§ **YOUR OBJECTIVE**
In the records below, find the line with "INTERMEDIAZIONE BANCA UNIVERSALE", then retype it and every following line exactly, stopping after the line with "Autism Awareness Doesn't". Leave the pictures out.

§ **DATASET**
[Start of Attachment]

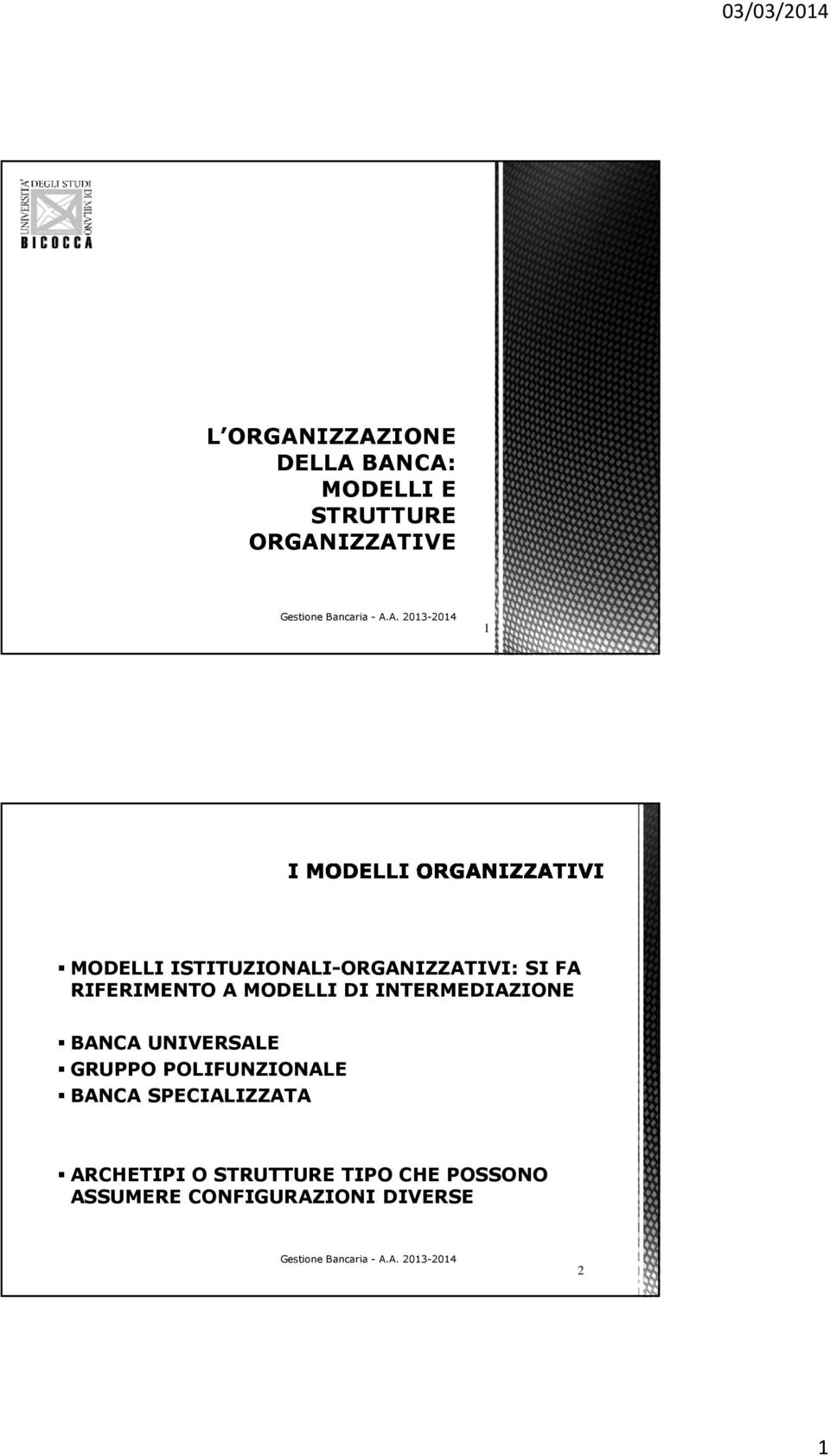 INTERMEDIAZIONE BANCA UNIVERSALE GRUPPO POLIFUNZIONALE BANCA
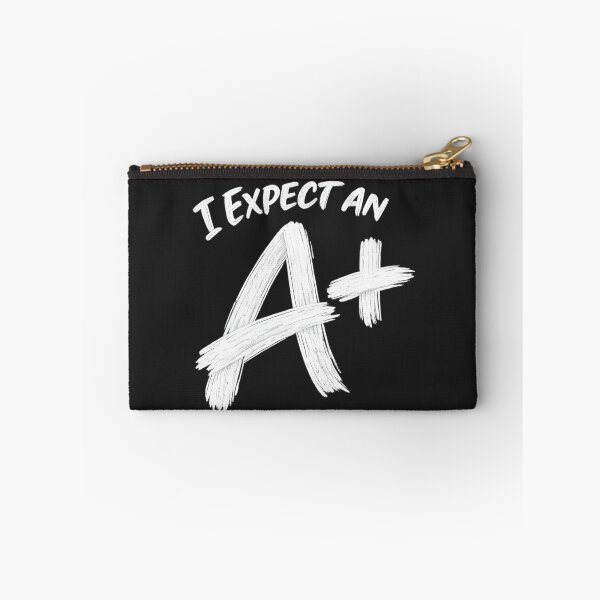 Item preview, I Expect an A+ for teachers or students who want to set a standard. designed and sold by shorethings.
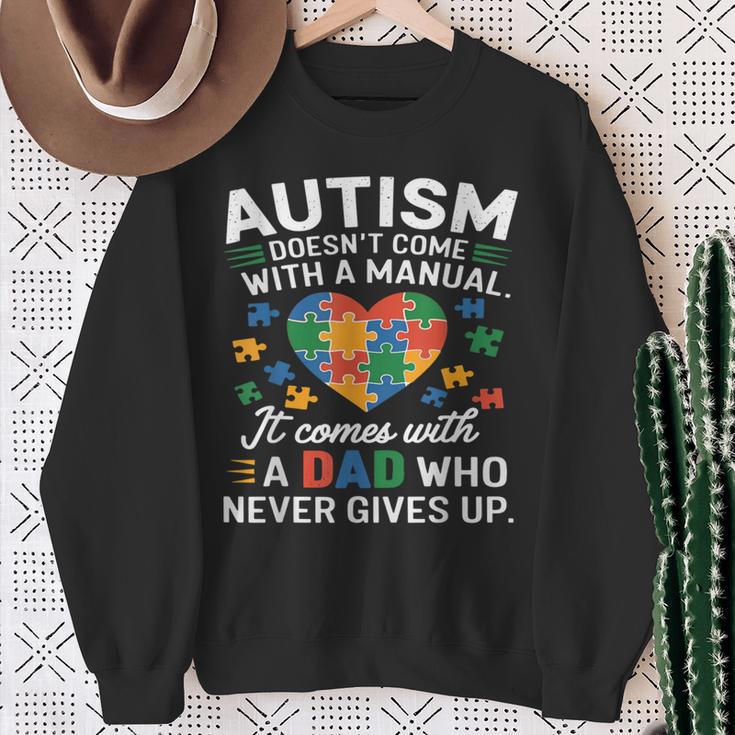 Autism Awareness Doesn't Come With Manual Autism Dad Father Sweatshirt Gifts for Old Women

[End of Attachment]
[Start of Attachment]

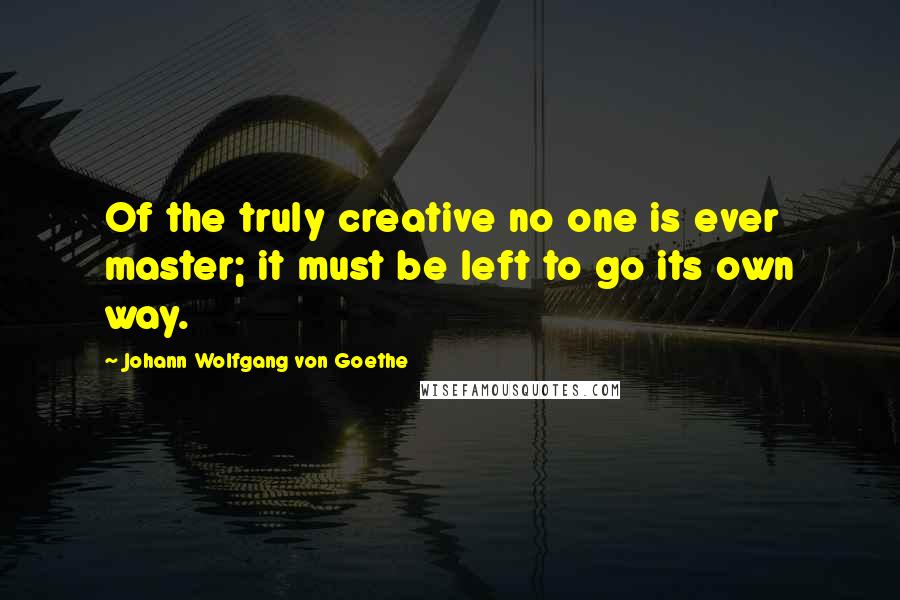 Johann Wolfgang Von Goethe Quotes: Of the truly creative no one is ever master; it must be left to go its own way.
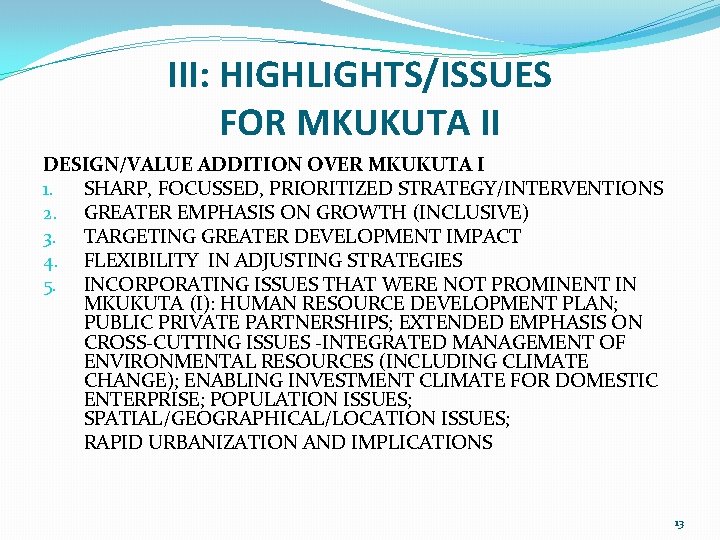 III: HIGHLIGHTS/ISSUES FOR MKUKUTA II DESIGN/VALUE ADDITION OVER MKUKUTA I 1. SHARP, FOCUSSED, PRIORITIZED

[End of Attachment]
[Start of Attachment]

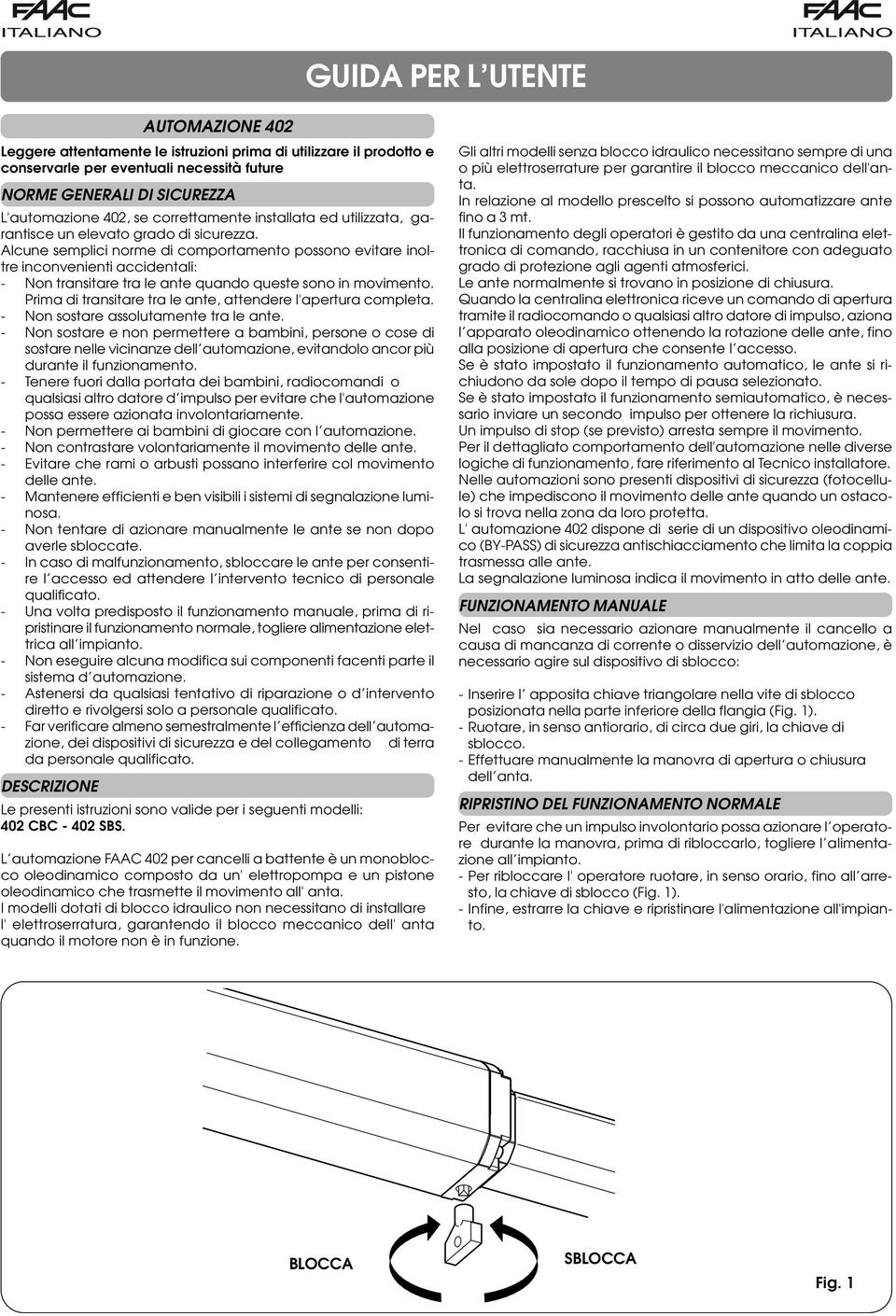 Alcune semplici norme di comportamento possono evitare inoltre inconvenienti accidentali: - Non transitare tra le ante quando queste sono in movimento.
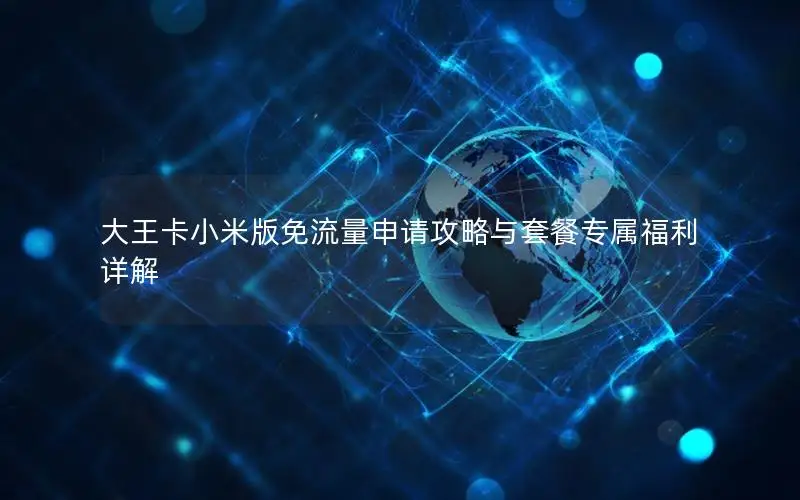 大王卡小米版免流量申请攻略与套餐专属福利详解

[End of Attachment]

§ **EXERCISE SOLUTION**
 INTERMEDIAZIONE BANCA UNIVERSALE GRUPPO POLIFUNZIONALE BANCA
 Item preview, I Expect an A+ for teachers or students who want to set a standard. designed and sold by shorethings.
 Autism Awareness Doesn't Come With Manual Autism Dad Father Sweatshirt Gifts for Old Women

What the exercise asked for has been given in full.